Intriguing. Thanks for sharing.

Doesn't Linux perform this "context switch at every syscall" ? How does it get away with the performance penalty?

No, Linux x86-64 doesn't change %cr3 on syscalls. It mitigates this kind of bug (kernel NULL pointer dereference) in a different way - by not allowing userspace processes to map memory at NULL.

Linux also supports the SMAP feature on modern Intel CPUs which allows the kernel to set things up so that all accesses to usermode memory from kernel mode must be explicitly annotated.

All operating systems with separate user and kernel modes have a privilege-level round-trip on every syscall (typically `sysenter`/`sysexit`, on older systems the classic `int $0x80`/`iret`). This is just a controlled jump that changes the privilege level, and is what is bypassed by vsyscall.

Non-shared-cr3 Macs (and IIRC some versions of PaX) also change `%cr3`, which means user-space and kernel-space have completely different address spaces (rather than a shared kernel-space and per-process user-space). This is much more expensive.

On Linux, if you have a look at /proc/<pid>/maps, you'll see a 'vsyscall' section mapped into every program. That section has code stubs for each syscall. For some simple syscalls like gettimeofday() (not sure there are any others) just return the current time, which is stored somewhere in that area. For other syscalls, the stubs use the best method to enter the kernel (sysenter vs. int 80) available on your specific processor.
There were only ever "vsyscall" entries for three syscalls: time, gettimeofday, and getcpu.

On recent kernels, the vsyscalls are actually the slowest way of all to ask for the time or the cpu number.
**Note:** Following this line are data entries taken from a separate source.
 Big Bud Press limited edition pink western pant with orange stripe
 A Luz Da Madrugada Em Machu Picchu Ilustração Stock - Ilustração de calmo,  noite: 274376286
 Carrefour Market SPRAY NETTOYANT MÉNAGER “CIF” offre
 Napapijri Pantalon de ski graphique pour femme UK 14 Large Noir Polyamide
They're only supported at all as a fallback, and the fallback is very slow, because it tries to mitigate exploit risks due to having code at a fixed address.
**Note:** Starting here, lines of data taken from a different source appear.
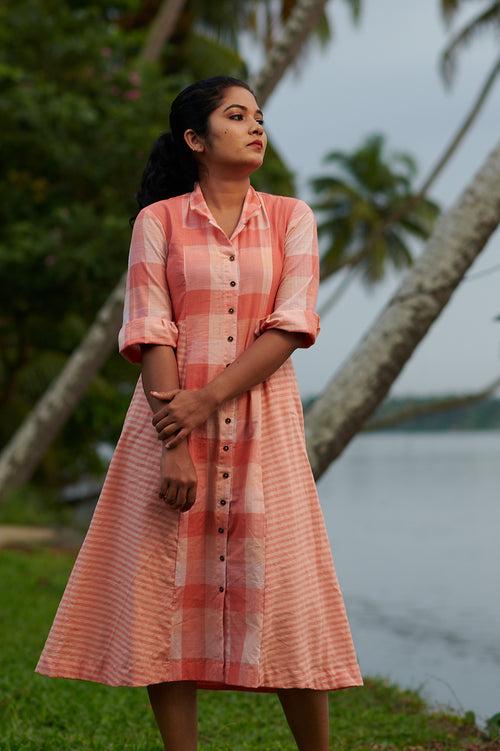 Peach Medley Shirtdress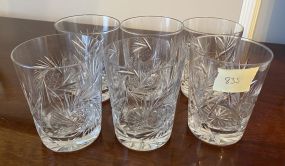 6 Vintage Cut Glass Pinwheel 4" Drinking Glasses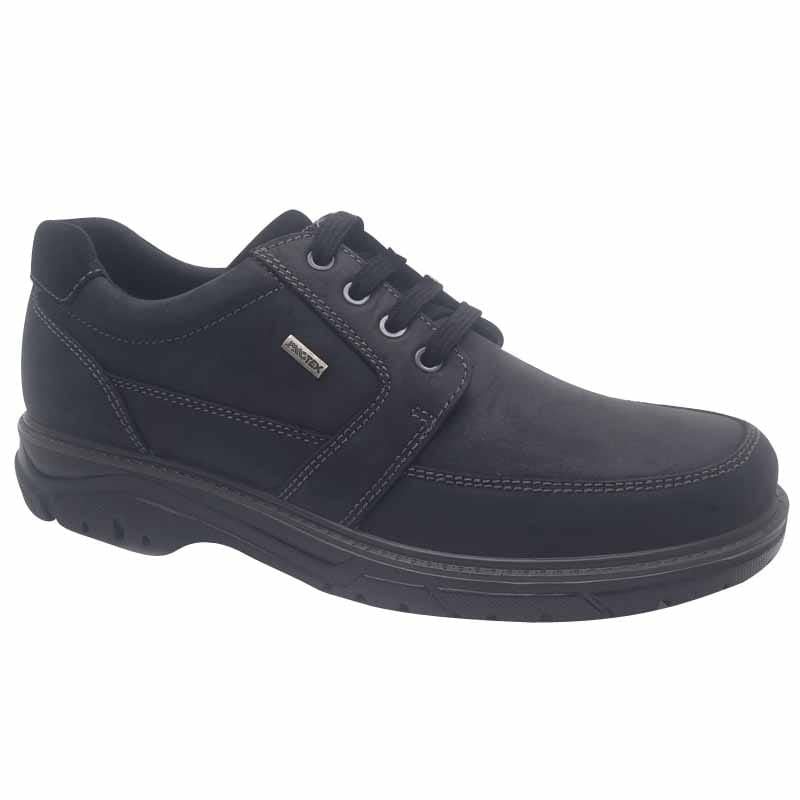 Imac Mens 8UK / BLACK Imac Black Leather Water Resistant Shoe Extra Wide Fit -  201948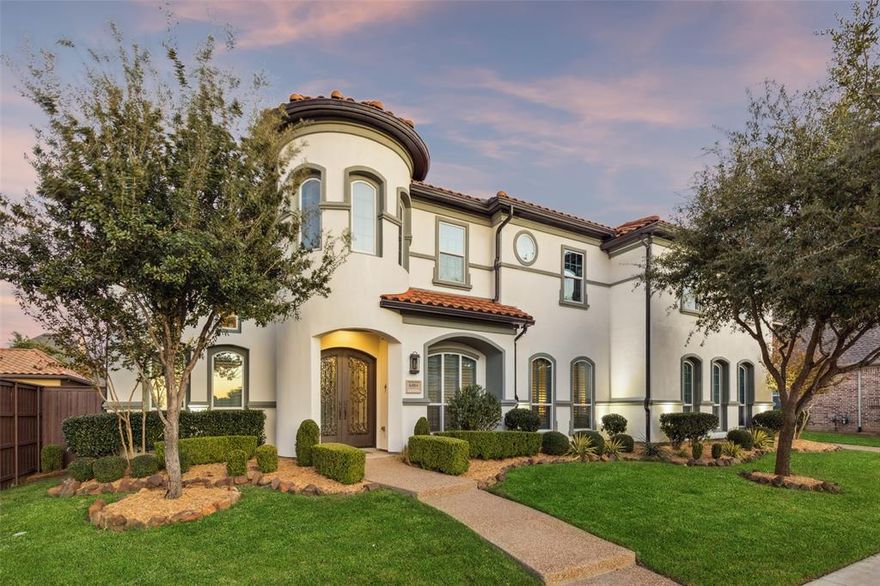 HIGHEST AND BEST OFFER DEADLINE DEC 5, 7PM. Luxurious Mediterranean-style custom executive home with designer touches, nestled in a sought after gated community with top rated public schools. The home features light filled, vaulted, open concept living, with space for multi-generational living and work from home spaces. The kitchen is outfitted with high end Wolf, Subzero, and Kitchen Aid appliances. The primary bath has opulent spa-like features with a stone freestanding tub, smart toilet, and glass enclosed shower with multiple showerheads. Retreat to your own backyard oasis with pool, spa, and award winning professionally landscaped gardens. Families will enjoy the extra space upstairs including a fully outfitted home theatre, video game room, den, playroom, and music recording studio with separate exterior entry. Guests will enjoy the suite life with all the bedrooms featuring ensuite bathrooms. Safety features throughout this energy efficient home include a whole home fire sprinkler system, saferoom tornado shelter, security system with cameras, and impact resistant concrete tile roof. This smartly designed tech home has whole home distributed audio video, built in speakers throughout, Brilliant smart home controls, and electric car charger. Car enthusiasts will love the double two-car garages and extra parking in the extended driveway. Home is within minutes from the community clubhouse, pool, gym, and all 3 local schools.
https://lwn.net/Articles/446528/

OSX should be doing the context switch also.

The added penalty is a switch to usermode to read userland data, then a switch back to kernel to continue on...its just additional context switches for reading userland memory

CR3 is the x86 register that points to the root page table. When an OS switches between processes, it generally changes CR3. On the other hand, when an OS switches from user mode to kernel mode, it usually leaves CR3 alone.

I know essentially nothing about Darwin, but "no shared CR3" presumably means that the kernel will switch CR3 to make user memory inaccessible when running in kernel mode. This is approximately what grsecurity's UDEREF feature does.
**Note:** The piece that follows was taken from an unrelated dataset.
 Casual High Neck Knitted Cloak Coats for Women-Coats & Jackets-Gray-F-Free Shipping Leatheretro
On Linux, on Broadwell or newer, there's a similar HW mitigation called SMAP. Darwin might use it, too.

Linux also doesn't allow unprivileged programs to map very low addresses, making NULL pointer dereferences much harder to exploit.

I did `sudo nvram boot-args="-no_shared_cr3"`, and I think I see the (seemingly minor, at this point) performance hit. There's an explanatory comment in http://opensource.apple.com/source/xnu/xnu-2782.1.97/osfmk/x... that seems to explain the feature, though not in detail.
What do you mean by "minor performance hit"? Could you provide some data?
Unfortunately this 'fix' seems to break VirtualBox.
Thanks for the tip, applied.